There are still other countries in the area that are continuing the growth trend, first and foremost Iran, now growing as an international player and as a stone producer and consumer. But any possible development of the local industry, at least with regards to future trade, has to take into account the endless uncertainties on the potential effects of threatened or promised military actions in the entire area. In the Far East, India has a peculiar state of affairs, certainly not as a producer but as an importer, since the decision to raise barriers against imports from some countries, even if recently relaxed, has nevertheless affected its relationships with some important stone-producing countries. Yet again, the novelty is China, which is more and more of a leader in the entire sub-region, with a growing common sector of minor producers and consumers that, taken together, make up a sizeable stone industry.

A basic level of production and consumption as well as trade - both locally and with the great North American market - is still alive in Latin America as well, providing a sure benchmark ceiling for the sector. Brazilian materials are still very much sought after, and they are being processed locally more and more frequently. However, the other great potential producer, Argentina, is hardly able to take off due to the well-known and worrying events, despite possessing high-quality resources and prestigious materials.

The international market

Overall, the past 18 months have seen further growth in the international trade of raw and finished materials, even with the traumas during the final quarter of 2001. A distinction has to be made, however, between what occurred in terms of raw materials, especially granite, and what occurred in terms of marble and granite semi-finished and finished goods. We have seen the quarrying of raw materials continue to grow, sometimes slower and sometimes faster, depending on the country.

The Americas have become more and more of a supplying system that has risen its threshold of independence in the stone industry. Canada, the U.S., Mexico and Brazil in particular are producing more raw materials and slabs as well as finished goods - even if more moderately. The most significant center of attraction is the U.S., which is importing materials and goods from all over the stone-producing world.

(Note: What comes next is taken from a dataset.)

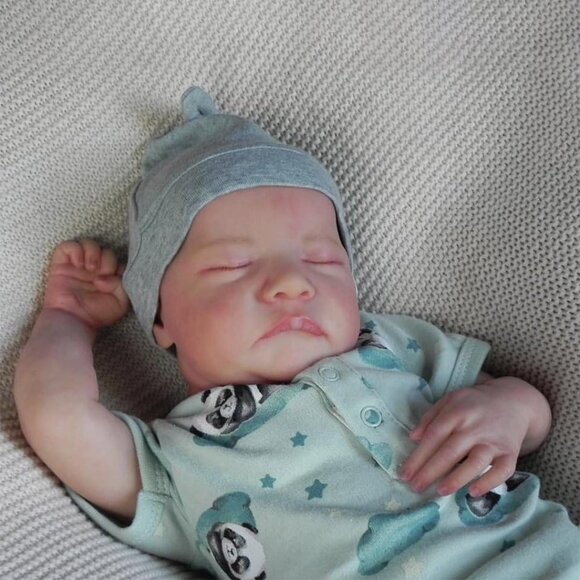 CHAREX Realistic Reborn Baby Dolls Sleeping Anatomically Correct Soft Skin - Picture 4 of 6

As already mentioned, stone businesses from all over the world are by now used to meeting Chinese operators in all the major markets of raw materials, especially granite, and in all the major tenders for contracts, even when one would expect to meet the usual competitors only. And so the total exports of the area - taking together the whole of the two countries of which it is composed - are consistently growing, not always evenly, but certainly with a very clear expansion.

Exports from China are also changing in nature, with block exports slightly decreasing and finished goods increasing. The rate of growth has been quite consistent, and the year 1999 was the last year in which block exports grew. Since 2000, there has been an overtaking by finished goods, and it's not to be expected that the situation will ever revert. On an international level, there is a general feeling that this situation is challenging the rest of the world and that these materials and products are also helping the sector to develop everywhere.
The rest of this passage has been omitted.